DATA TO USE.
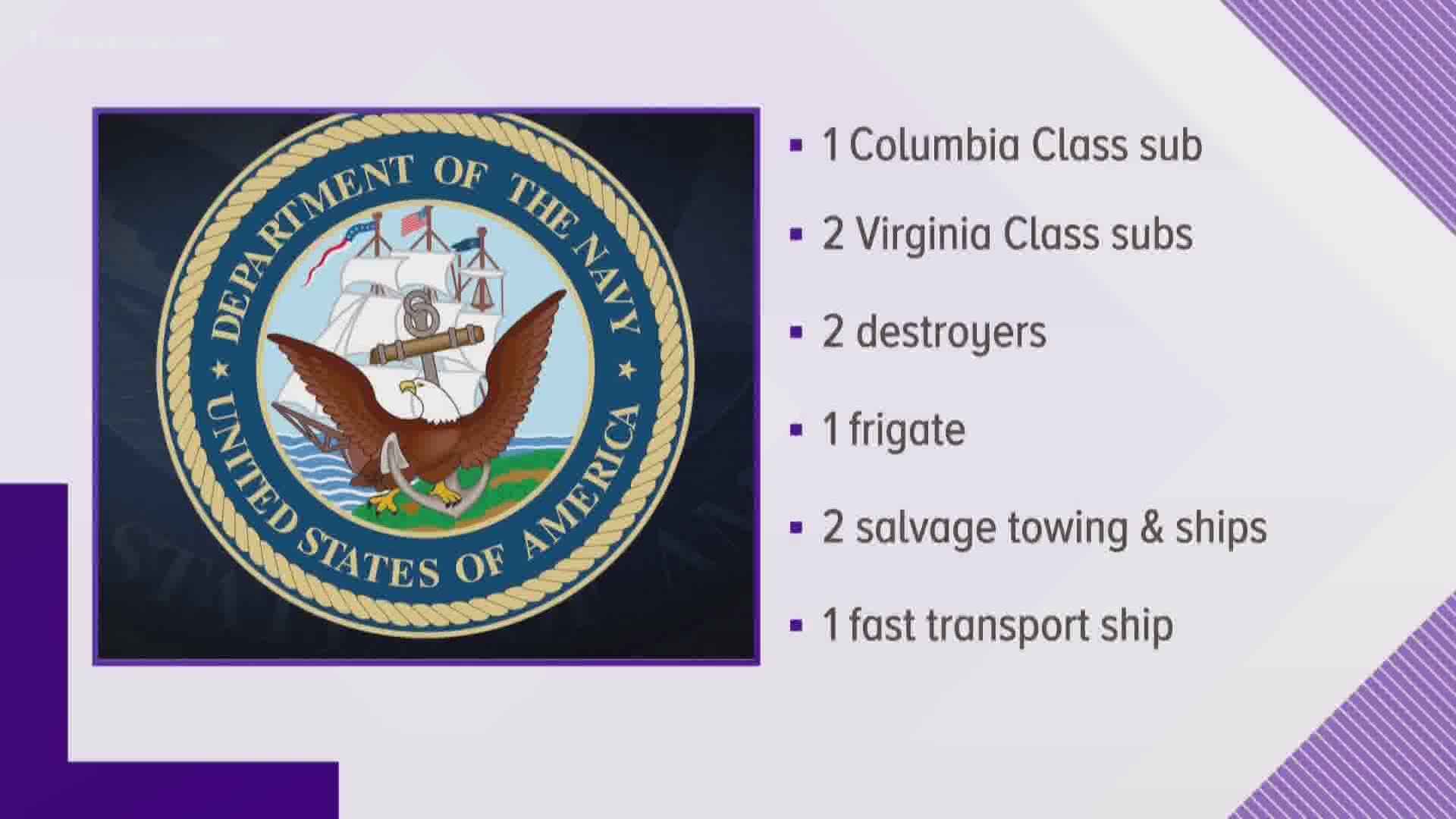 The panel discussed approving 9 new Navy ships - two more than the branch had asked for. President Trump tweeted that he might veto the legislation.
==
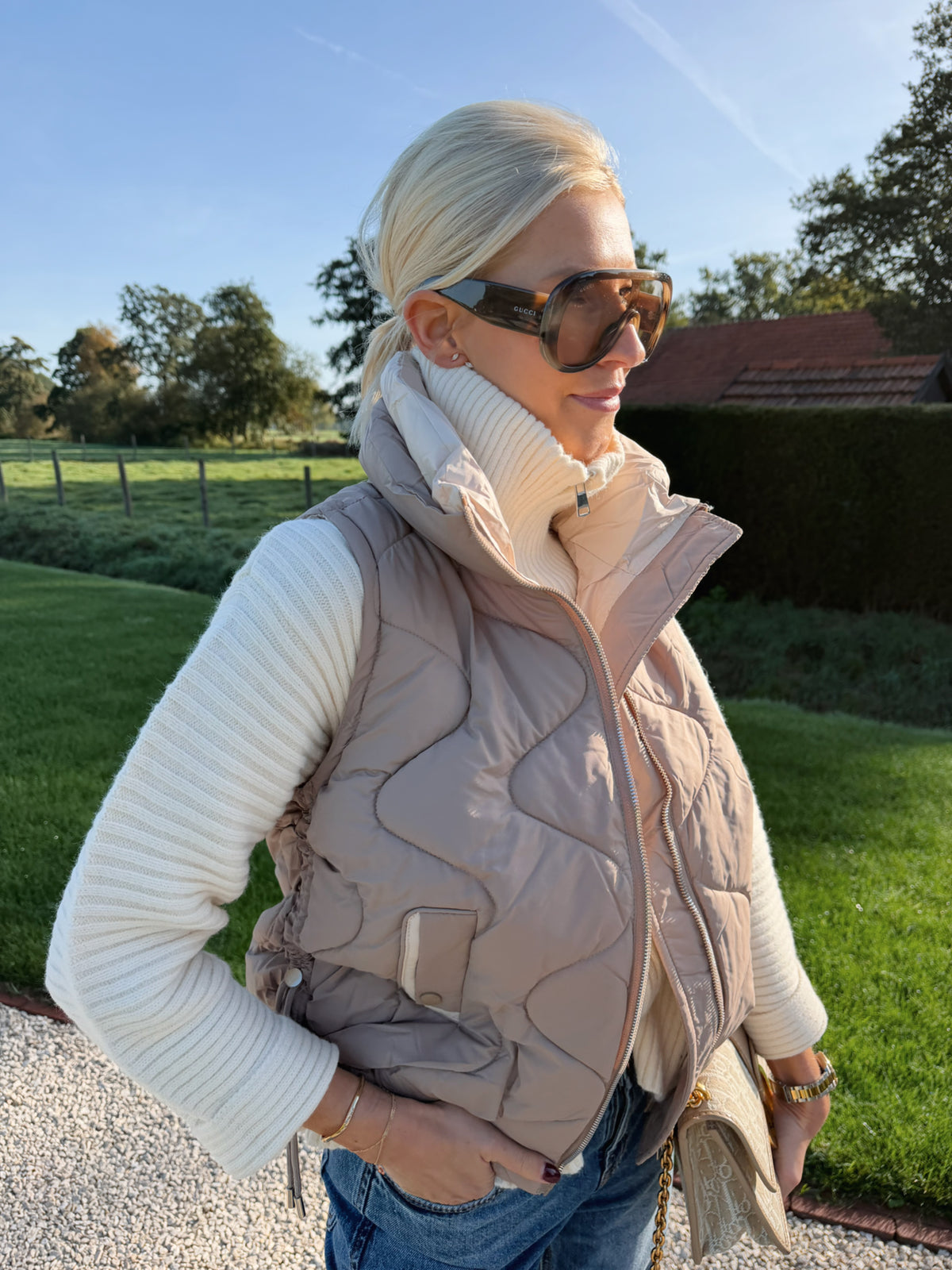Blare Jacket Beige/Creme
---
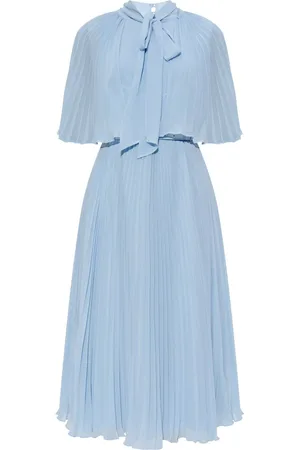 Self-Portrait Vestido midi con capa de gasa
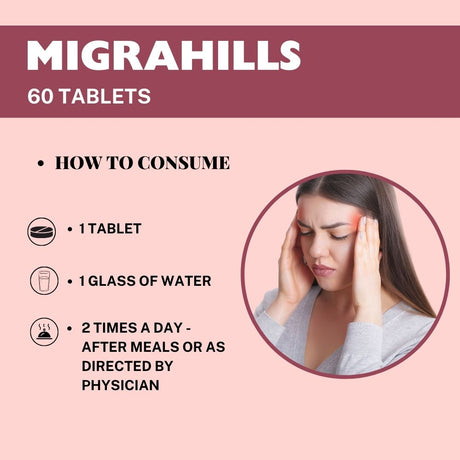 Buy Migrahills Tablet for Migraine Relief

WHAT THE EXERCISE ASKS. Within the listing above, write out the stretch from the line with "Self-Portrait Vestido midi con capa de gasa" through the line with "Buy Migrahills Tablet for Migraine Relief" exactly. Any pictures are to be left out.

SOLUTION.
 Self-Portrait Vestido midi con capa de gasa
 Buy Migrahills Tablet for Migraine Relief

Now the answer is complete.